Being picked on or made fun of can lower your self-esteem and make you feel unworthy. Maybe you feel like no one cares. But Jesus Christ was also ridiculed and understands what you’re going through. He can give you strength to help you overcome this situation. The Bible says in 2 Corinthians 12:10 that when we are weak, He makes us strong.
Worth in Christ
God created each person unique, with different talents, personalities and desires. We are not mass produced, but carefully made by the God of the universe. He knows us by name.
Just think of it: You are God’s masterpiece! Your life is not worthless, no matter what others say or how they treat you. Your life is a gift from God. He knew you before you were even born. Psalm 139:13-14 says, “You created my inmost being; you knit me together in my mother’s womb. I praise you because I am fearfully and wonderfully made; your works are wonderful.”
God values you. And He doesn’t show favoritism (Acts 10:34). He loves you and cares how you feel. 1 Peter 5:7 says, “Cast all your anxiety on Him because He cares for you.” If you have trusted in Jesus Christ as Lord, you are called a child of God. 1 John 3:1 says, “How great is the love the Father has lavished on us, that we should be called children of God!”
Why bullies bully
Some people—children, teenagers and adults alike—pick on others because of things going on in their own lives. They might envy you or even resent you for something beyond your control. They might have a difficult situation at home and target you to fulfill a need to be in control. Perhaps they are not treated well, either, or have a negative view of themselves. Maybe they receive little attention from people around them. It could be that the person or people making your life miserable are simply trying to take the focus off of their own problems. Some bullies bully others to gain attention, status or approval from their peers.
While these things might not be the case, keep in mind that you might not be the only one facing a hard situation. While there’s no excuse for bullying, recognizing a motive might help you respond in the best way.
While the word “bully” does not appear in the Bible, the idea of treating others in a brutish or disrespectful way does. Christians can even be a specific target of bullies since trying to live like Christ is often countercultural.
Matthew 5:39 says, “Do not resist an evil person. If anyone slaps you on the right cheek, turn to them the other cheek also.” However, this doesn’t mean you can’t ask for God’s defense or stand up for yourself.
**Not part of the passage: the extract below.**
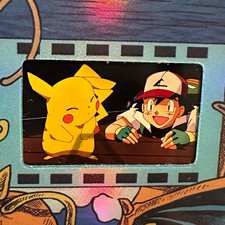 Pokemon pikachu and ash FSA 35 MM film cell card - MINT wrapped picture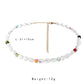 Fashion Geometric Pearl Glass Necklace Bohemian Personality Elegant Clavicle Necklace Female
When responding to a bullying situation, remember that the Bible tells us to treat others fairly and with respect. Matthew 22:39 says to love others as yourself. And Romans 12:18 advises, “If it is possible, as far as it depends on you, live at peace with everyone.” When faced with someone talking bad about you, making fun of you or putting you down, do not seek revenge but respond in love. Matthew 5:44 says to “love your enemies,” and Matthew 5:9 says peacemakers will be blessed. Luke 6:28 even says, “Bless those who curse you, pray for those who mistreat you.”
How you treat others reflects your relationship with God since He created and values everyone. When you respond to bullies in love, they notice and might even change their attitude toward you. Proverbs 15:1 says, “A gentle answer turns away wrath, but a harsh word stirs up anger.”
At the same time, if the bullying is negatively affecting you—mentally, emotionally or physically—do not allow yourself to remain in danger, but seek support from a trusted adult or authority figure. Remember that our strength comes not from ourselves, but from God who cares about us and gives us hope. Let that give you confidence to endure. Psalm 34:4-5 says, “I sought the Lord, and He answered me; He delivered me from all my fears. Those who look to Him are radiant; their faces are never covered with shame.”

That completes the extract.